▶ _PROBLEM TO WORK ON_:
Working from the top of the records below, reproduce each line exactly, ending once you have written the line containing "Molecules 29 00981 g005".

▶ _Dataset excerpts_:
= = =

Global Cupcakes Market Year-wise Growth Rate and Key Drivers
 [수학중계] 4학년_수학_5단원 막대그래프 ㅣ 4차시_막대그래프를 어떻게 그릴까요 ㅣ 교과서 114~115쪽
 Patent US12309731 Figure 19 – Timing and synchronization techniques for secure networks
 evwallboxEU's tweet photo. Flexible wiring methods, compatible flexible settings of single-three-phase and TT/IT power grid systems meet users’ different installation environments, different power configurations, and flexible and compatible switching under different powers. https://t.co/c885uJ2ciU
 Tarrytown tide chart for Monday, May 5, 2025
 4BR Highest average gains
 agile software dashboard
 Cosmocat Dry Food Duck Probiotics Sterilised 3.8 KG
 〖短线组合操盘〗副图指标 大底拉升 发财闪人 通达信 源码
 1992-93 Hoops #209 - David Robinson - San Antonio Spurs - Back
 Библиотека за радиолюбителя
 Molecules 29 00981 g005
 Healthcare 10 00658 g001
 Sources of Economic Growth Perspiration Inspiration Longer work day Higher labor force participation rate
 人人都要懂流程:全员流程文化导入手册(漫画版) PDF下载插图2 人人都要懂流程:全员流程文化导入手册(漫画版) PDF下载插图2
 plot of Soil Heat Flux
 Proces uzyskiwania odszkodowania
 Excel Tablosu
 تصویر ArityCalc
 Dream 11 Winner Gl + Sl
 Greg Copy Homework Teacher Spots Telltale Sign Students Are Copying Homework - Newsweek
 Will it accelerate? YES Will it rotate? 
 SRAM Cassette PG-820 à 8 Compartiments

= = =

▶ _ANSWER BOX_:
Global Cupcakes Market Year-wise Growth Rate and Key Drivers
 [수학중계] 4학년_수학_5단원 막대그래프 ㅣ 4차시_막대그래프를 어떻게 그릴까요 ㅣ 교과서 114~115쪽
 Patent US12309731 Figure 19 – Timing and synchronization techniques for secure networks
 evwallboxEU's tweet photo. Flexible wiring methods, compatible flexible settings of single-three-phase and TT/IT power grid systems meet users’ different installation environments, different power configurations, and flexible and compatible switching under different powers. https://t.co/c885uJ2ciU
 Tarrytown tide chart for Monday, May 5, 2025
 4BR Highest average gains
 agile software dashboard
 Cosmocat Dry Food Duck Probiotics Sterilised 3.8 KG
 〖短线组合操盘〗副图指标 大底拉升 发财闪人 通达信 源码
 1992-93 Hoops #209 - David Robinson - San Antonio Spurs - Back
 Библиотека за радиолюбителя
 Molecules 29 00981 g005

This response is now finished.